Alexandra Palace has become a venue synonymous with the World Championship for both players and fans alike.
“With the European and the Pro Tour, you can’t really oversaturate that market,” he says. “The people that want to watch that will want to watch darts. Full stop. They will just pick and choose what they want to watch from that subscription platform.
“They are very unlikely to unsubscribe because there’s too much live content on there. In these days of multiple choice with subscription and free-to-air, there are thousands and thousands of ways to consume live media and live sport.
“I’m not really worried about over-saturation from a broadcast perspective. If anything, if we put on events and we can’t sell any tickets, that’s maybe when we’re being shown that people have had enough. We haven’t had that trend either, though.”
With the enthusiasm for tickets to showing no signs of subsiding, there have long-since been mooted suggestions from beyond the PDC that the sport’s showpiece World Championship could be moved from its Alexandra Palace home, having arrived at the venue in 2007.
For Porter, however, the concept is a non-starter. Quite simply, Ally Pally – as it is affectionately known – has become an arena seeped in World Championship tradition.
“It’s all about telling a story,” he says. “The event becomes synonymous with a venue and even the particular time of year.
“The World Matchplay is in the summer and the World Championships are at Christmas, the Premier League is on a Thursday night. People get to know and understand the schedule and the locations in the same way that we know that the Cup Final is at Wembley in May.
“It’s not just a question of selling more and more tickets. The venue has to be right for the event that it’s hosting.
“At Ally Pally, people ask why we don’t just move it over to the Big Hall. Well, the event wouldn’t work in the Big Hall.
“You would lose the atmosphere and logistically, the way that we lay out the bars, the facilities and the offices, the layout wouldn’t work. So, we are staying where we are. That’s not a problem.
“If we wanted to do every event at the O2 Arena and sell 18,000 tickets, we would do that. But that isn’t our aim. The event has to be right for its venue.
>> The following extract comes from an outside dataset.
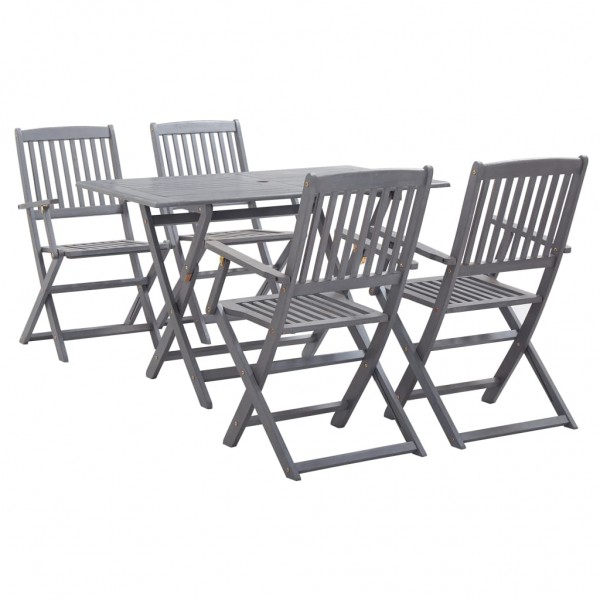 Juego de comedor de jardín 5 pzas madera maciza de acacia gris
“The Winter Gardens is synonymous with the World Matchplay, the 02 has become the home of the Premier League Final, Ally Pally is the home of the World Championships.
“There are a lot of factors that go into the brand of the event, well beyond the capacity.”
However, as the PDC continues to take on the world, new markets are being met with new venues and new standard-bearers. Bundesliga club FC Schalke 04’s Veltins Arena saw 20,210 fans take in the German Darts Masters in June – a world record for an attendance at a darts event.
When I first started, players had their mate’s taxi company as their sponsor
Four months earlier, more than 12,000 were at Berlin’s Mercedes-Benz Arena for a night of Unibet Premier League action. It is a far cry from Stoke-on-Trent’s 400-seat capacity Kings Hall, which hosted the inaugural Premier League night in 2005.
It is a pathway symbolic of a rapid and unflinching growth perhaps best encapsulated by Porter himself.
“When I first started, players had their mate’s taxi company as their sponsor,” he laughs. Cross, still only in his second year as a professional, signed a partnership with software giant SAP in March.
It is, perhaps, the greatest mark of how far the sport has come. “They are professionalised sportsmen now,” he states. “Those who look after them are credible and look after them as players, but also as brands.”
As more than 80,000 people flock to Alexandra Palace for Christmas’ hottest sporting ticket and darts’ biggest ever tournament, they will see for themselves the enormity of a sport, whose popularity only continues to rise.